Additionally, intratracheal instillation of Bleomycin at 5.0 mg/kg/day in male BALB/c mice induces pulmonary fibrosis, elevating the expression levels of α-SMA and collagen I, markers of fibrotic response^[4].

A similar fibrotic response is observed in male C57BL/6 mice with a dose of 2.5 mg/kg, further validating its utility in modeling pulmonary fibrosis^[5].
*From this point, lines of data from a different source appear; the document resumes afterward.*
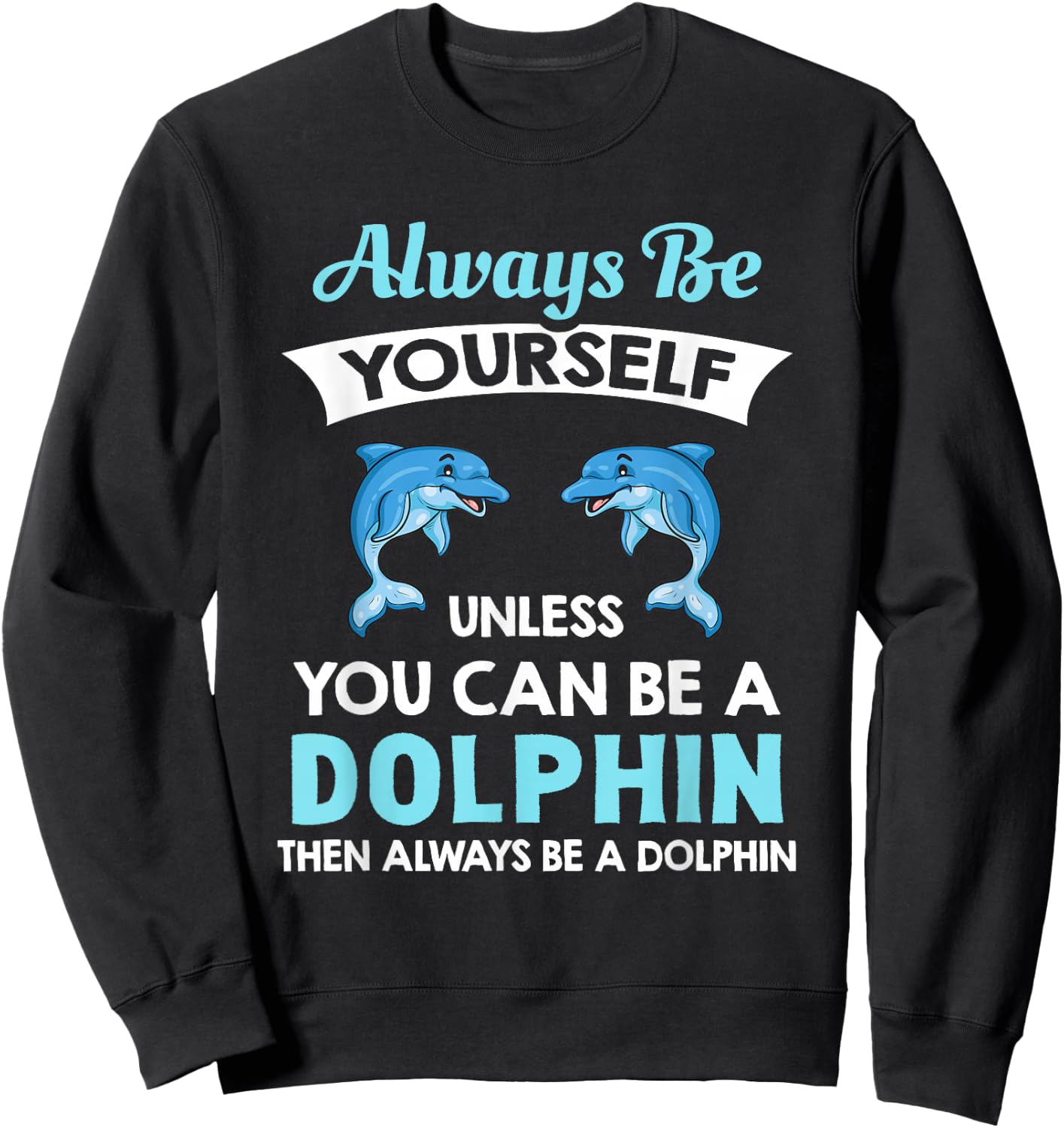 Dolphin Shirt for Children Boys Sweatshirt - Sweatshirt | Black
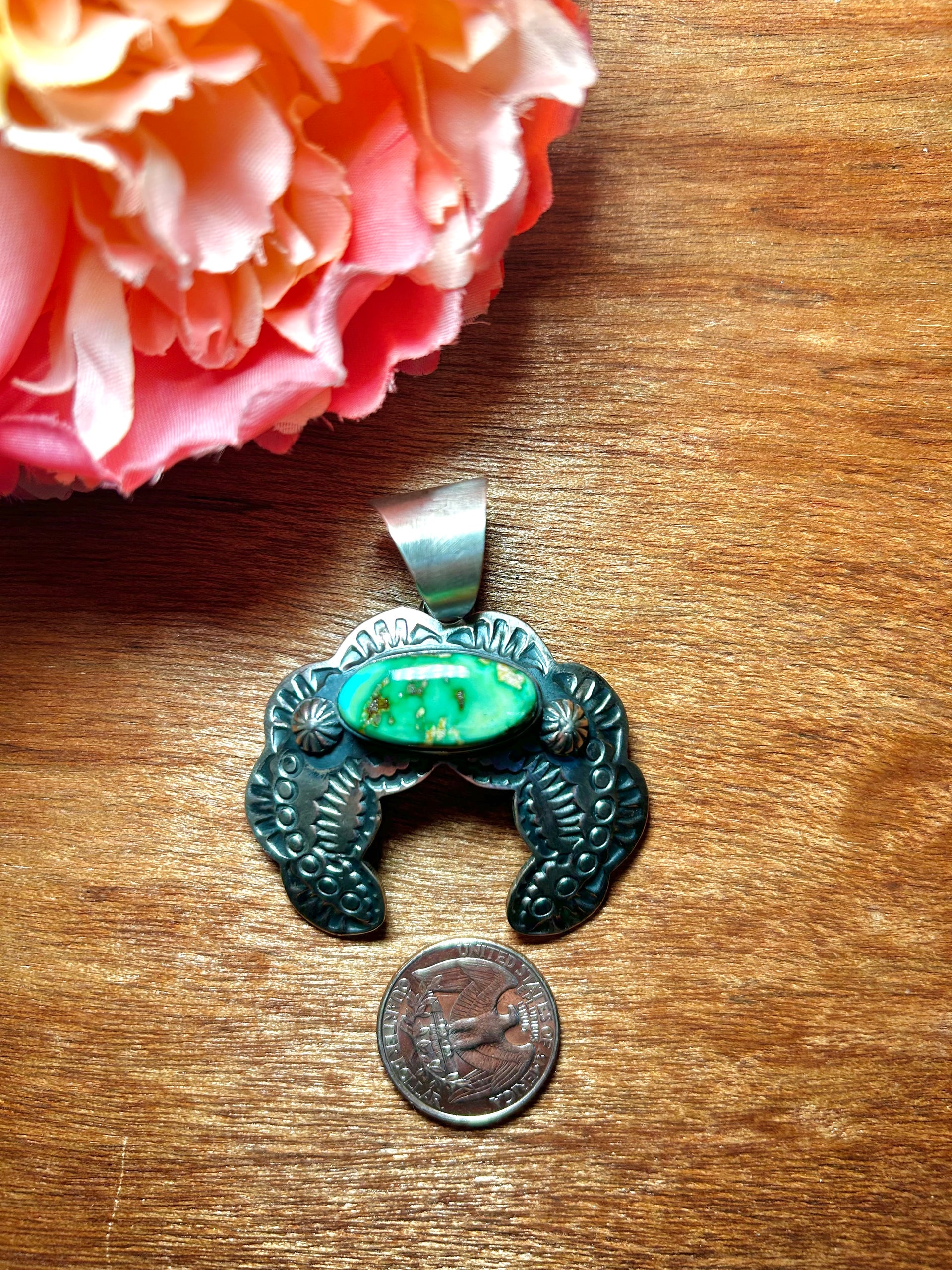 Chimney Butte Sonoran Gold & Sterling Silver Pendant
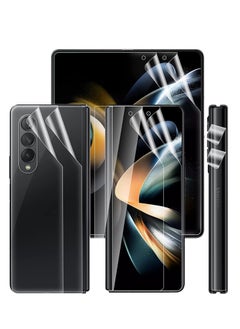RINCO [2Set 8PCS] Galaxy Z Fold 4 Screen Protector, Inside TPU Film + Full Covered Outer + Back Cover Screen Protector, High Clarity, Anti-Shatter, Bubble Free for Samsung Z Fold 4 5G Screen Protector  - Image 1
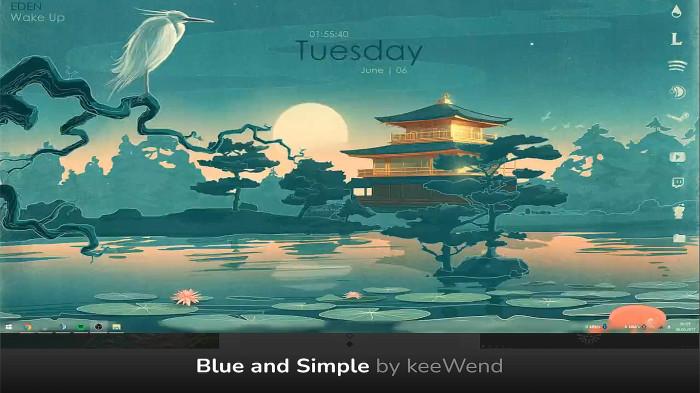 Galeri foto dari Rainmeter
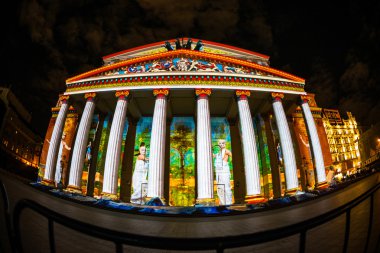 Bolshoy tiyatro. Iinternational Festivali ışık daire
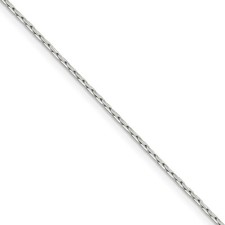 1mm, Sterling Silver Solid Round Box Chain Ne...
Bleomycin hydrochloride's mechanism of action includes the induction of single and double-strand breaks as well as apurinic/apyrimidinic sites within DNA, making it a potent genotoxic compound. Its effects are comparable to those of ionizing radiation, making it a radiomimetic compound. It has been extensively studied for its ability to induce micronuclei in human lymphocytes, a marker of genotoxic stress^[1].

In terms of its efficacy against cancer cell lines, Bleomycin hydrochloride exhibits a relatively low IC50 value of 4.0±1.3 nM against the UT-SCC-19A cell line, demonstrating its potent cytotoxic effect. In contrast, the UT-SCC-12A and UT-SCC-12B cell lines show higher resistance to Bleomycin, with IC50 values of 14.2±2.8 nM and 13.0±1.1 nM, respectively^[2].